Estes brasilianos julgam que é possível conquistar Rio Grande com seis a oito navios e iates, uma vez que os portugueses não contam com amigos entre os brasilianos mais ao norte; cujo brasilianos de várias regiões logo se associaram conosco: a saber duas espécies de tapuias com muita gente e de grande estatura. Eles lutam com dardos sem arco, e moram em Yguasu, Guararick e vizinhança. Também os jandouys, que também lutam com dardos manuais, os quais vivem detrás dos tapuias no interior; os lugares deles se chamam Ytsyoso, Pinodua, Ariguanrick etc. E note-se que em Araguanuch se encontra a pedra azul que chamam Ytawuh[10], da qual eles fazem contas; e nós pensamos que se trata do acori[11], cujo peso pagam em ouro na costa da Guiné.
Além de que estas nações – e sobretudo os potiguares que vivem detrás da Baía da Traição – gostariam muito de ajudar-nos a combater os portugueses no interior da Paraíba e de Pernambuco, pelo que lhes infligiríamos o maior prejuízo: eles não têm inconveniente em marchar umas cem léguas contra seus inimigos, tendo os do Ceará – na presença do nosso Gaspar – combatido os portugueses até o rio Camusipe – onde lhe feriram a panturrilha que ainda está com a bala nela – a uma distância de mais de 50 léguas de lá; como também nos tempos do Balduíno Hendricksz do Ceará à Baía da Traição, que são mais de 100 léguas.
Devem portanto o quanto antes – porque se aproxima a monção do norte com a qual é fácil de voltar – mandar dez a doze navios medianos e iates, tripulados com 600, 800 a novecentos soldados e 300 a quatrocentos marinheiros ou quantos podem sem problema dispensar durante algum tempo – ao Rio Grande sob experimentados comandantes para atacar seu castelo e conquista-lo com a ajuda de Deus. E quando este lugar resulta estar mais forte ou melhor guarnecido do que pensamos, devemos atacá-lo por meio de trincheiras e tratar de convencer os brasilianos acima mencionados a que nos assistam; também mandar a essa campanha os nossos acima mencionados brasilianos. Esta gente deve ser provida de víveres para 3 a 4 meses, e também – por princípio – algumas carregações[14] para comprar mais vitualhas e estabelecer o negócio; e não duvidamos que eles contenham boa quantidade de farinha, ervilhas, feijão, e outras vitualhas dos selvagens para mandar a Pernambuco. Logo depois da realização dessa tarefa devem tratar de ocupar os quatros engenhos de açúcar que se encontram a norte da Paraíba – que apenas são defendidos – ou tratar de negociar com eles para trocar nossas mercadorias pelos açucares deles, e dessa forma começar a estabelecer o negócio. Também o pau-brasil pode ser cortado lá em grandes quantidades e sem perigo, principalmente o de Piranga, que fica a pouca distância.

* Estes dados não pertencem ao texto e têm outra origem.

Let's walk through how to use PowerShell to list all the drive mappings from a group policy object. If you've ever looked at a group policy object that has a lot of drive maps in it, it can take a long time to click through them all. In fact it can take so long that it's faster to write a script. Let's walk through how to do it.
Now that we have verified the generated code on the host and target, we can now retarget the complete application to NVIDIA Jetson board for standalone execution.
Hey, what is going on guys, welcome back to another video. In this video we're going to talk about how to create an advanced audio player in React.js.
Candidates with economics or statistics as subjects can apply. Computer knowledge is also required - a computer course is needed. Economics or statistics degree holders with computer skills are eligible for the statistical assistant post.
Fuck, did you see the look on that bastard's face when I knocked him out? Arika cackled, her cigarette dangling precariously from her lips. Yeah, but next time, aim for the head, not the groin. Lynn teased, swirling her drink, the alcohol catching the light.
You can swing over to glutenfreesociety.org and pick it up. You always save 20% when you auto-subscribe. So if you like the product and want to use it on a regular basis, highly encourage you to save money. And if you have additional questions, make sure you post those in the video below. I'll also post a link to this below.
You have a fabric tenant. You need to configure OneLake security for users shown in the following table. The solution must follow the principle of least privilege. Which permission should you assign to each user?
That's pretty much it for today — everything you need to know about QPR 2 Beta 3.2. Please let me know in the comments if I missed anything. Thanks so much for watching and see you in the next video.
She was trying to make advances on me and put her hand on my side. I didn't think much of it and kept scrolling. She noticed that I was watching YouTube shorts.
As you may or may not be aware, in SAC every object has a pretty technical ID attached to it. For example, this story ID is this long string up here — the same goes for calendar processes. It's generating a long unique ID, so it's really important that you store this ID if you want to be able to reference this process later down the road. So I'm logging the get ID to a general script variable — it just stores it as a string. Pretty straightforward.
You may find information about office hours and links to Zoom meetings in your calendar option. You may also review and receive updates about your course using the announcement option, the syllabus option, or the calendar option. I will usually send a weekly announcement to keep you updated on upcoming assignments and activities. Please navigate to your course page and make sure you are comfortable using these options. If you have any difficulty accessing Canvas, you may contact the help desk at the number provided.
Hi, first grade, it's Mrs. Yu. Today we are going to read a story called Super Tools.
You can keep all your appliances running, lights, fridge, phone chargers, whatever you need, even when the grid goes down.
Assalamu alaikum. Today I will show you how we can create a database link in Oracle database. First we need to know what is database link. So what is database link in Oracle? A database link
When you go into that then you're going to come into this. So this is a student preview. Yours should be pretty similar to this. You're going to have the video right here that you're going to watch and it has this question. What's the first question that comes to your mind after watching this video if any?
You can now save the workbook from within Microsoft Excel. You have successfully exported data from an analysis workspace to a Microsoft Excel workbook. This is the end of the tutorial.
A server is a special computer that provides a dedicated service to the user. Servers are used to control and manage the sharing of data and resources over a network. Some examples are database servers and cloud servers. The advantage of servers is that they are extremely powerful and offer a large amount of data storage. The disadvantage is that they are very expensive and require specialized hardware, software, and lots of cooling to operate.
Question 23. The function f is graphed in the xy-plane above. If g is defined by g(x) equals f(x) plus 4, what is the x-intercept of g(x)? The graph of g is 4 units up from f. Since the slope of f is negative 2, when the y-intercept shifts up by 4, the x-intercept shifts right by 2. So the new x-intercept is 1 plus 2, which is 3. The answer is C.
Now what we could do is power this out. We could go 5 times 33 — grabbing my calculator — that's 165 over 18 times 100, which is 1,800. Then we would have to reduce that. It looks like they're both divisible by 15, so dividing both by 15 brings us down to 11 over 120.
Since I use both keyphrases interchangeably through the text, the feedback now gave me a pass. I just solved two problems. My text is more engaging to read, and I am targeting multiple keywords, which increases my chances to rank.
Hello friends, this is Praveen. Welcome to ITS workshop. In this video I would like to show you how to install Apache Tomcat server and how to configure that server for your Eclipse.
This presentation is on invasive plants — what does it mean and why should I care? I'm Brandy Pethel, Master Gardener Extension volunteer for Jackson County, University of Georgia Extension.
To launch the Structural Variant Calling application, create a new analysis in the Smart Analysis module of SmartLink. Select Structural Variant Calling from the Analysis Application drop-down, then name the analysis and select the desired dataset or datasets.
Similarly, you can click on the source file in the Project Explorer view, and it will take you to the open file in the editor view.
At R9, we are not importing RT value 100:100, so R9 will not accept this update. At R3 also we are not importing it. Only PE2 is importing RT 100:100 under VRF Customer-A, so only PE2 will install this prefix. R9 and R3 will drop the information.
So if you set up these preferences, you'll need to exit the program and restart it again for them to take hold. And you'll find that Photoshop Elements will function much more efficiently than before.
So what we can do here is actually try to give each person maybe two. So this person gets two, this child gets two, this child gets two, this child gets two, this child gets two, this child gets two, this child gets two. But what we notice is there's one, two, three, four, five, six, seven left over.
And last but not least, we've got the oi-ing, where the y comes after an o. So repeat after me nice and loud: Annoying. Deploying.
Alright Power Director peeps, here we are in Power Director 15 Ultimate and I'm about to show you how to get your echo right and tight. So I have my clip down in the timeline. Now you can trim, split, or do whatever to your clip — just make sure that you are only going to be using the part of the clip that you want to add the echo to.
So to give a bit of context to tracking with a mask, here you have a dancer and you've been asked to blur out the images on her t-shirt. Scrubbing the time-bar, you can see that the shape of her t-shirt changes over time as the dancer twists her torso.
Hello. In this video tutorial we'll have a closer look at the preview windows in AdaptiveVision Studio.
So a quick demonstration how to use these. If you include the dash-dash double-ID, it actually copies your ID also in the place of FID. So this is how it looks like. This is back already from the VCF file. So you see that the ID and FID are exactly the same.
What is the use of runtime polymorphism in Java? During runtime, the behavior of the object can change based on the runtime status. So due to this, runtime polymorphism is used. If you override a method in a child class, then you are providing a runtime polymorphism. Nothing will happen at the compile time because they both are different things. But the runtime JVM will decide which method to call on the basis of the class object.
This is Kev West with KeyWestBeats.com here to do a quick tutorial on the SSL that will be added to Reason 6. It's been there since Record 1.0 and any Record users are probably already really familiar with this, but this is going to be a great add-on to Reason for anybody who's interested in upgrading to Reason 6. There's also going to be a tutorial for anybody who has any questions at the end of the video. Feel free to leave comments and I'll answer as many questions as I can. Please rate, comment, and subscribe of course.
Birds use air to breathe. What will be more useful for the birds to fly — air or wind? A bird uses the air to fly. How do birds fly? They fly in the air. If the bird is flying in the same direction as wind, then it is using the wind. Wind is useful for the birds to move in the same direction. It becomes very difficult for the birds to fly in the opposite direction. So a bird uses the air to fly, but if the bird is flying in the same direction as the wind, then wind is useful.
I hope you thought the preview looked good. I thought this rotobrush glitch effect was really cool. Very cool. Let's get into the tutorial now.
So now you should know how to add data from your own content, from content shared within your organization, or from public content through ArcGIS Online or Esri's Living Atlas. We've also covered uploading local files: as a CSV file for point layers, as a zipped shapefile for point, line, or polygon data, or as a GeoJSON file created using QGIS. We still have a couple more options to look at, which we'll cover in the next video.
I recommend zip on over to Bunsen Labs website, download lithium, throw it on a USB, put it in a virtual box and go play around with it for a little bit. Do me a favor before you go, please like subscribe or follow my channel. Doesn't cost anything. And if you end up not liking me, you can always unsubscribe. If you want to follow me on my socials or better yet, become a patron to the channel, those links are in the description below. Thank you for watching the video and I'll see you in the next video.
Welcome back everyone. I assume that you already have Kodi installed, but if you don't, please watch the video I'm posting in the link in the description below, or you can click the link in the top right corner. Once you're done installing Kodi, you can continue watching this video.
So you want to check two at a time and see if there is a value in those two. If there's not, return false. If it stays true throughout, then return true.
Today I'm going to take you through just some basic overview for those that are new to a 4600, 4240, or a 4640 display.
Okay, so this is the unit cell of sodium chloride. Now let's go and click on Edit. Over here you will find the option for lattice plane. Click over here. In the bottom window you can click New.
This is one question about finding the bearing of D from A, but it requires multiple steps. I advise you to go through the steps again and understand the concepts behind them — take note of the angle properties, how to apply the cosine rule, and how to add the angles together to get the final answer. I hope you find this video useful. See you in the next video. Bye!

Estes navios devem ter ordem para, quando possível, comunicar suas façanhas a Pernambuco. E depois de terminar suas tarefas no Rio Grande devem deixar uma guarnição adequada na fortaleza, fortificá-la contra as violências, aprovisioná-las de todo o necessário; expulsar ou evacuar os moradores portugueses, menos os de engenho de açúcar.
Seguidamente – se os brasilianos mostrarem vontade de marchar por terra com a nossa gente em quantidades para Paraíba ou Pernambuco, e quando conhecem bem o caminho – deve se considerar-se a conveniência de acrescentar alguns soldados armados à tropa, para marcharem dessa forma aí, e também levar conosco todos os capazes de andar, para aumentar a chance de conquistarmos os lugares que os portugueses possuem no caminho. E inventar meios de informar-nos da sua chegada, para que lhes possamos mandar reforços de Pernambuco. Também mandar dois iates do Rio Grande ao sul a Pernambuco, e igualmente dois iates ao Maranhão, que entrem em todos os rios, baías e riachos para comunicar a nossa vitória aos brasilianos. Entretanto, tratar de fechar alianças com eles, estabelecer negócios, obter vitualhas e investigar tudo o que lá se passa: tal como vem descrito aqui de lugar a lugar, acrescentando todo o esquecido. No caso de os iates mandados ao norte não poderem voltar, devem seguir por toda a Costa Selvagem[15] e voltar à pátria pelas Índias Ocidentais.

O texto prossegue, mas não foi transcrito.